**Exercise requirements:**
Copy every entry exactly as it stands, though any image it holds should stay out of the copy.

Short text fragments from websites
--------------------

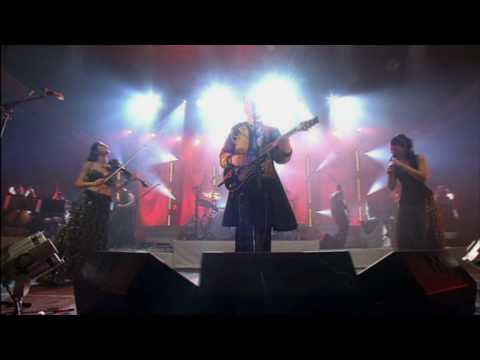Youtube: Schandmaul (LIVE) Drachenmedley (SINNFONIE Live-DVD)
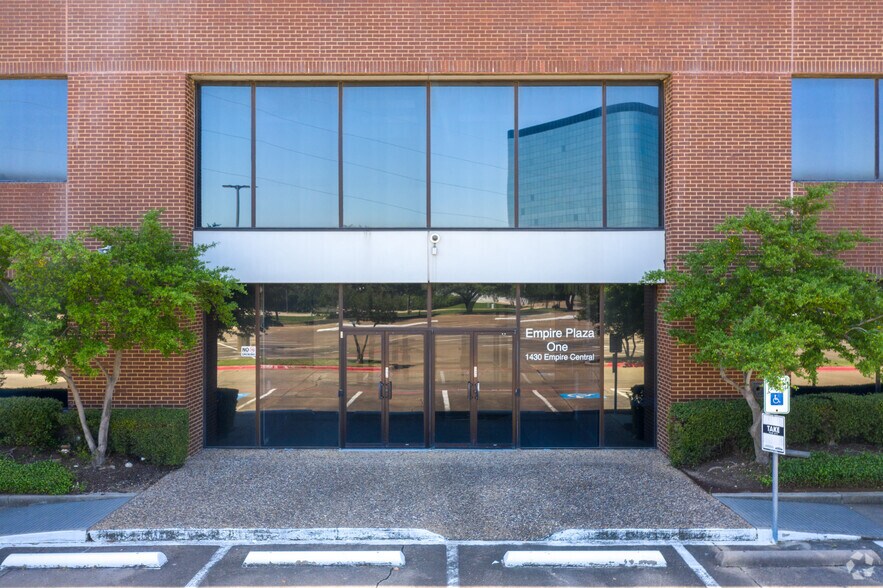 1430 Empire Central Dr, Dallas, TX à louer - Photo du bâtiment - Image 3 de 11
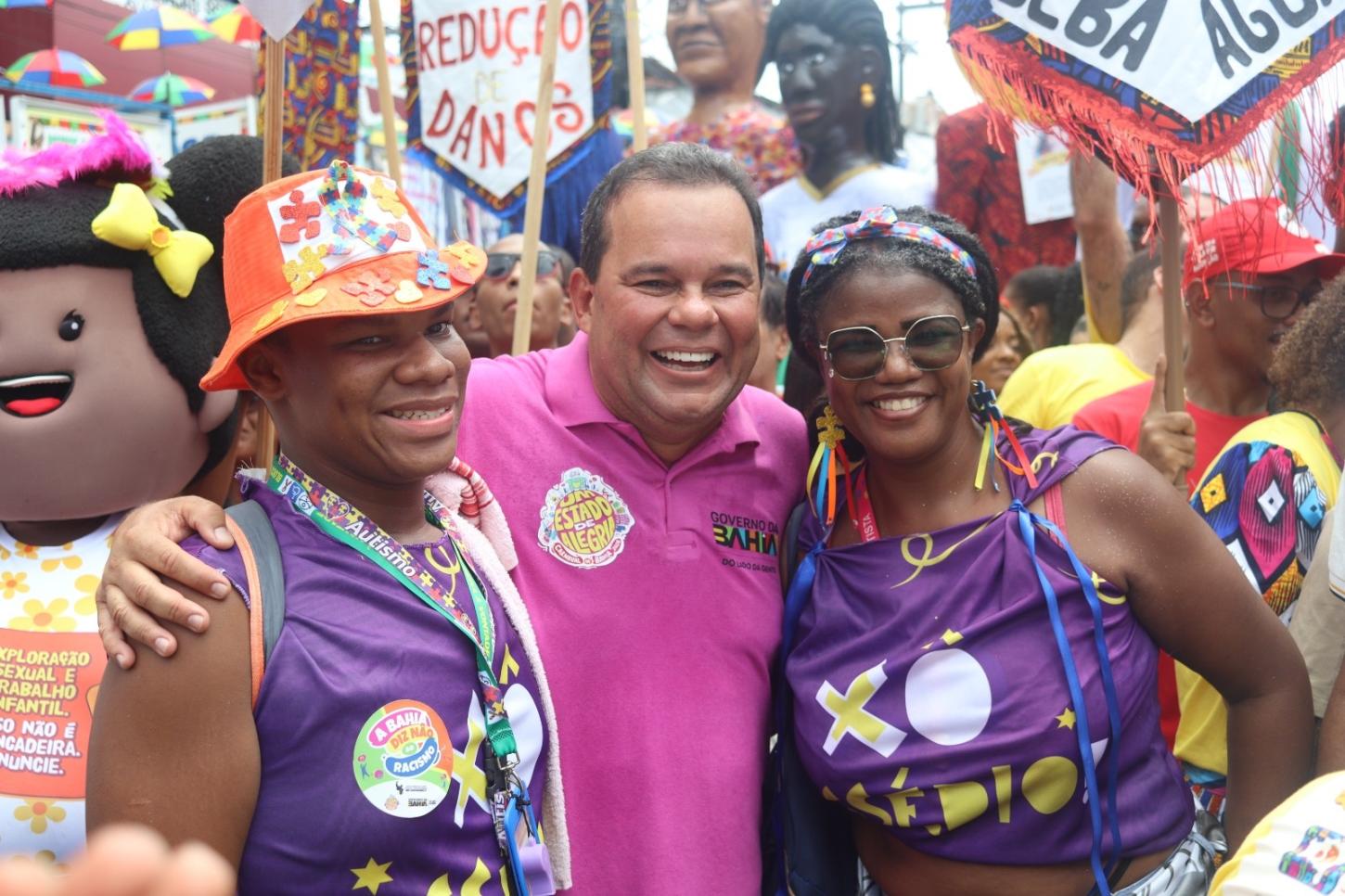 Mudança do Garcia transforma o bairro em palco de tradição, crítica e pertencimento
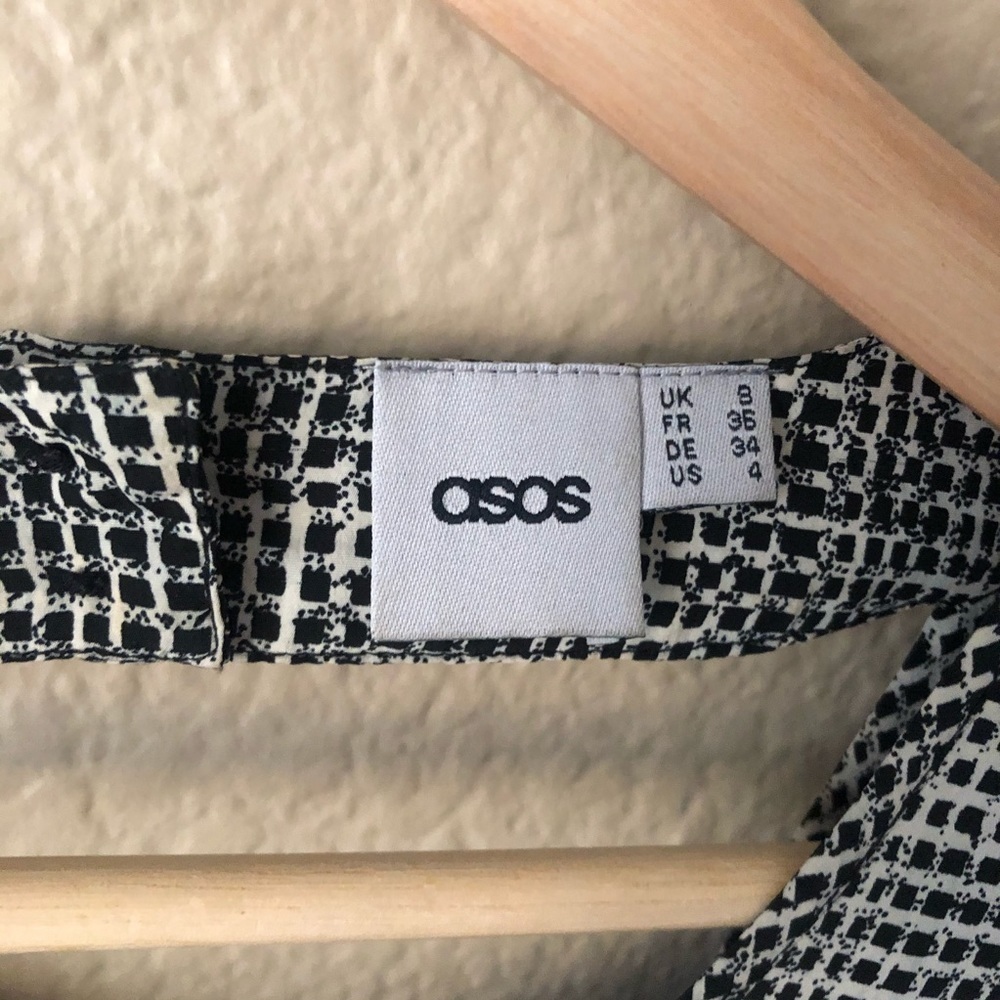 Asos open back ruffled romper long sleeve - Picture 2 of 4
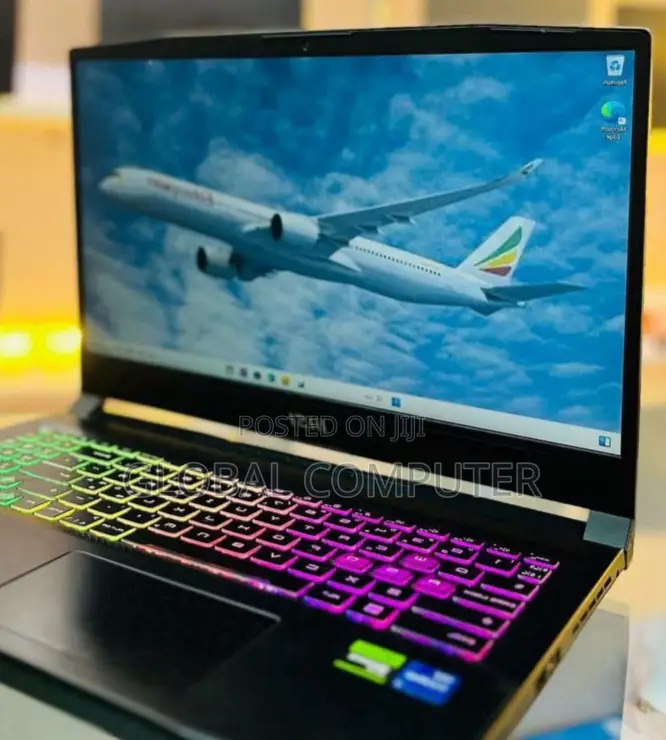 New Laptop MSI GP75 Leopard 16GB Intel Core I7 SSD 1T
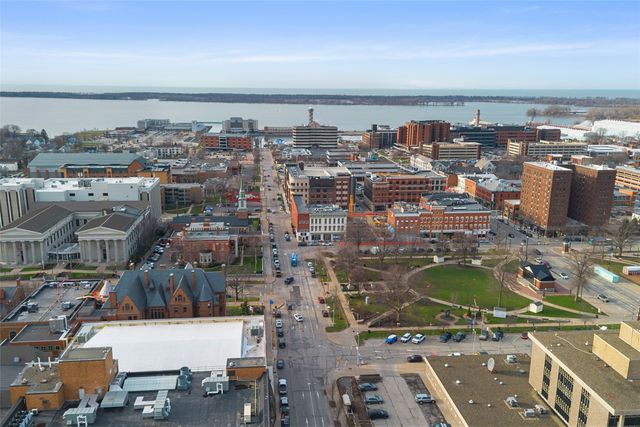 38 N PARK Row, Erie, PA 16501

--------------------

**Written reply:**
Youtube: Schandmaul (LIVE) Drachenmedley (SINNFONIE Live-DVD)
 1430 Empire Central Dr, Dallas, TX à louer - Photo du bâtiment - Image 3 de 11
 Mudança do Garcia transforma o bairro em palco de tradição, crítica e pertencimento
 Asos open back ruffled romper long sleeve - Picture 2 of 4
 New Laptop MSI GP75 Leopard 16GB Intel Core I7 SSD 1T
 38 N PARK Row, Erie, PA 16501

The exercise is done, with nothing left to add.